CT: Yes. I think the court would ask, is there a reasonable nexus to the diligence application for the water right in question? Is one action leading to another? The other part of steady progress is that it cannot just be in the last week before you filed. You do have to show you were engaged in steady application of diligence efforts.
BGS: So even though it’s within the confines of an integrated water management system, there still has to be a nexus to the ultimate development of completing the appropriation.
BGS: So can Aspen claim it worked on one part of our system, even though it bears little relationship to the actual potential reservoirs, and still claim that as steady effort?
CT: That’s up to the water judge.
BGS: There is no clear standard?
CT: Well, in the diligence applications that I’m familiar with, you include all of the efforts that you feel are relevant. For example, when the River District files for diligence on conditional water rights, we often include details of our work on the recovery program for endangered fish, because it’s critical to the way the river system works today. It may not have a geographic nexus to the conditional filing in question, but it has a hydrologic nexus. And so we hope the water court recognizes our work is a necessary element to be able to ultimately develop the water right.
For example, if a city was going to build a reservoir someday they could look forward to having to go through a NEPA [National Environmental Policy Act] review.
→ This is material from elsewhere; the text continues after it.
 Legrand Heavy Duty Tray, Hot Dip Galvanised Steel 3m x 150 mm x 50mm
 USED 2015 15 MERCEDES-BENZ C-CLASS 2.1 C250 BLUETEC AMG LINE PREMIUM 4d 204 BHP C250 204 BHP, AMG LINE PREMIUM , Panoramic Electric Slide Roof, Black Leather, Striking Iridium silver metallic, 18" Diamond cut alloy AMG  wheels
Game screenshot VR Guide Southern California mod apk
As such, they will need to study a range of alternative measures they could take, such as making sure they don’t have leaks, water conservation efforts, pricing, all of that.
You have to accept that water development is an enormous challenge, and you’re going to have to show that you’re using your existing supply to its maximum benefit and efficiency before seeking permits. So a water provider might include in an application for diligence the work done today on those types of activities, even though they don’t appear to be physically linked to the reservoirs. And they can count it as work toward a future reservoir, because it’s related.
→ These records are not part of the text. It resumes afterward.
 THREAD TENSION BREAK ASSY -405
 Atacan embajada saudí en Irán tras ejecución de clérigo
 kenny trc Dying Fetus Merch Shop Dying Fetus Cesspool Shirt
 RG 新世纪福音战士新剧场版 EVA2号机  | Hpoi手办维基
BGS: Do you think the city should have been more actively studying its two potential reservoirs?
CT: You have to allow any conditional water right owner to decide what their own timing is that leads to development.
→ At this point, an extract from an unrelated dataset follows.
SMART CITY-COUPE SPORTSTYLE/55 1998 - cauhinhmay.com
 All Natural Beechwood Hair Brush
BGS: Okay, but is there any requirement for work to be done on a specific site or project basis? Even if you’re doing other stuff, do you still have to study the project at some basic level?
Because, in this case, it doesn’t appear Aspen has done much, or is doing much, investigating of the feasibility of the reservoirs themselves. And if the city thinks it might actually need the reservoirs, shouldn’t city officials be studying them?
CT: Not necessarily. You have to allow that Aspen has accepted from 1965 that these reservoirs may be necessary. And what they have asserted is that what they’re doing is working on the other elements of their integrated system that require immediate work, and in the succession of development and maintenance of their system, those are their priorities.
The fact that I filed for a reservoir, say, on Three Mile Creek, doesn’t mean that I have to keep drilling every six years to see what the soils look like on Three Mile Creek.
BGS: Yes, but should you have drilled once? No drilling, for example, has ever been done on the location of the Maroon Creek Reservoir, that I can find or that the city can produce.
CT: Eventually you will, but there are many other things required before eventual storage construction. Personally, I don’t know what the order is of when drilling or soils testing is required.
BGS: Wouldn’t you want to know what a drill test says about a key factor in a reservoir, which is where the bedrock is?
CT: Yes. You will.
BGS: Not now?
CT: Maybe not yet. This is probably not the first thing I need to know. Not everything is a study for fatal flaws, especially if you accept that they have a premise around their original filing that this is necessary and appropriate someday. That’s exactly what a conditional water right is.
BGS: It just strikes me as a profound lack of curiosity.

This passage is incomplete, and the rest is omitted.